Completion now validates the attempt count before deleting the message and releasing the channel's concurrency slot:

CREATE FUNCTION message_complete (
    p_id BIGINT,
    p_num_attempts BIGINT
) RETURNS VOID AS $$
DECLARE
    v_channel RECORD;
    v_message RECORD;
BEGIN
    SELECT "id", "channel_id", "num_attempts", "unlock_at"
    FROM "message"
    WHERE "id" = p_id
    FOR UPDATE
    INTO v_message;

    IF v_message."id" IS NULL THEN
        RAISE EXCEPTION 'message does not exist';
    END IF;

    IF v_message."unlock_at" IS NULL OR v_message."num_attempts" <> p_num_attempts THEN
        RAISE EXCEPTION 'message state is no longer valid';
    END IF;

    SELECT "id" FROM "channel"
    WHERE "id" = v_message."channel_id"
    FOR UPDATE
    INTO v_channel;

    IF v_channel."id" IS NULL THEN
        RAISE EXCEPTION 'channel does not exist';
    END IF;

    UPDATE "channel" SET
        "current_concurrency" = "current_concurrency" - 1
    WHERE "id" = v_channel."id";

    DELETE FROM "message"
    WHERE "id" = v_message."id";
END;
$$ LANGUAGE plpgsql

And deferral does the same validation, but keeps the message row alive, removes its lock, releases the concurrency slot, and schedules it for later:

CREATE FUNCTION message_defer (
    p_id BIGINT,
    p_num_attempts BIGINT,
    p_dequeue_at TIMESTAMPTZ,
    p_state BYTEA DEFAULT NULL
) RETURNS VOID AS $$
DECLARE
    v_dequeue_at BIGINT;
    v_channel RECORD;
    v_message RECORD;
BEGIN
    v_dequeue_at := CASE
        WHEN p_dequeue_at IS NULL
        THEN to_epoch(NOW())
        ELSE to_epoch(p_dequeue_at)
    END;

    SELECT "id", "channel_id", "num_attempts", "unlock_at"
    FROM "message"
    WHERE "id" = p_id
    FOR UPDATE
    INTO v_message;

    IF v_message."id" IS NULL THEN
        RAISE EXCEPTION 'message does not exist';
    END IF;

    IF v_message."unlock_at" IS NULL OR v_message."num_attempts" <> p_num_attempts THEN
        RAISE EXCEPTION 'message state is no longer valid';
    END IF;

    SELECT
        "id",
        "head_message_id",
        "head_message_dequeue_at",
        "last_dequeue_at",
        "next_dequeue_at",
        "release_interval_ms",
        "current_concurrency"
    FROM "channel"
    WHERE "id" = v_message."channel_id"
    FOR UPDATE
    INTO v_channel;

    IF v_channel."id" IS NULL THEN
        RAISE EXCEPTION 'channel does not exist';
    END IF;

    UPDATE "message" SET
        "unlock_at" = NULL,
        "state" = COALESCE(p_state, "state"),
        "dequeue_at" = v_dequeue_at
    WHERE "id" = v_message."id";

    IF
        v_channel."head_message_id" IS NULL OR
        v_dequeue_at < v_channel."head_message_dequeue_at"
    THEN
        UPDATE "channel" SET
            "current_concurrency" = v_channel."current_concurrency" - 1,
            "head_message_id" = v_message."id",
            "head_message_dequeue_at" = v_dequeue_at,
            "next_dequeue_at" = GREATEST(
                v_dequeue_at,
                v_channel."last_dequeue_at" + v_channel."release_interval_ms"
            )
        WHERE "id" = v_channel."id";
    ELSE
        UPDATE "channel" SET
            "current_concurrency" = v_channel."current_concurrency" - 1
        WHERE "id" = v_channel."id";
    END IF;
END;
$$ LANGUAGE plpgsql

Intermediate state

Adding state to the message gives us a useful free win: message_defer can optionally save the worker's latest progress before releasing the lock and re-scheduling the message.
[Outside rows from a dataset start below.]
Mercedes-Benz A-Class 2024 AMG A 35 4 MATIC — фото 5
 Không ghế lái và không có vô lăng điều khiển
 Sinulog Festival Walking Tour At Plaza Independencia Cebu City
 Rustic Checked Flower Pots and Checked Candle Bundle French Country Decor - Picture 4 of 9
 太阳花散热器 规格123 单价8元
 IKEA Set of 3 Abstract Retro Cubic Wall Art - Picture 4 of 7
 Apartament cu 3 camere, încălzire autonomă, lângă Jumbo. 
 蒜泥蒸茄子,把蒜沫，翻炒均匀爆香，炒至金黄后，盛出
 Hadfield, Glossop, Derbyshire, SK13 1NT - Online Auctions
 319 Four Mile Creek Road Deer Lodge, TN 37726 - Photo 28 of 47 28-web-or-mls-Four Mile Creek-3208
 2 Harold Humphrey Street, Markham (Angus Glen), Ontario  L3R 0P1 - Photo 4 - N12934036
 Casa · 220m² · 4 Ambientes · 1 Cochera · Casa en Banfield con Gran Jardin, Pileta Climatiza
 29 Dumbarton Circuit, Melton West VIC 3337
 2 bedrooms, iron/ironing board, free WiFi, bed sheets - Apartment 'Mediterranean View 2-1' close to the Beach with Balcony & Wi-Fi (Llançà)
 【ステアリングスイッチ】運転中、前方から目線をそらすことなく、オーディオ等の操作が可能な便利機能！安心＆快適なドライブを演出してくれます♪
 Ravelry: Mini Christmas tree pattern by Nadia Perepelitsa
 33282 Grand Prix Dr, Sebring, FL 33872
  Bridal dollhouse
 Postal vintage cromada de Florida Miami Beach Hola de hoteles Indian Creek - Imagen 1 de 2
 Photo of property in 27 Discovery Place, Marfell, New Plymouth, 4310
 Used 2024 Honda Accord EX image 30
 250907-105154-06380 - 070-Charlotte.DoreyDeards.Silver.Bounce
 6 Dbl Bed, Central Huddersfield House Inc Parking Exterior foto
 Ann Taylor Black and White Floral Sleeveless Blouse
For costly processing tasks, this means a transient error does not necessarily force us to start from scratch. The next dequeue receives both the original content and the latest state, giving the worker enough context to resume from a known checkpoint.

This can also be used to build cooperative message processors within a concurrency-constrained channel. A long-running task can do a bounded amount of work, save its progress into state, then defer itself so another message from the same channel has an opportunity to run. In effect, the queue can support tasks that voluntarily yield without giving up durability, retry accounting, or per-channel fairness.

Repeating / Periodic messages

Most message queues offer some sort of explicit mechanism for scheduling periodic or repeating messages. Similar to priority, LonnyMQ does not provide a dedicated primitive for this, but it can still support the feature using the mechanisms we have already built.

The trick is to construct a message that never completes. Every time it is processed, the worker enqueues a separate task message containing the actual work to be done, then defers the repeating message for some point in the future. Because the repeating message is never completed, and because our durability mechanisms preserve locked and deferred messages across crashes, the schedule-driving message will never be lost.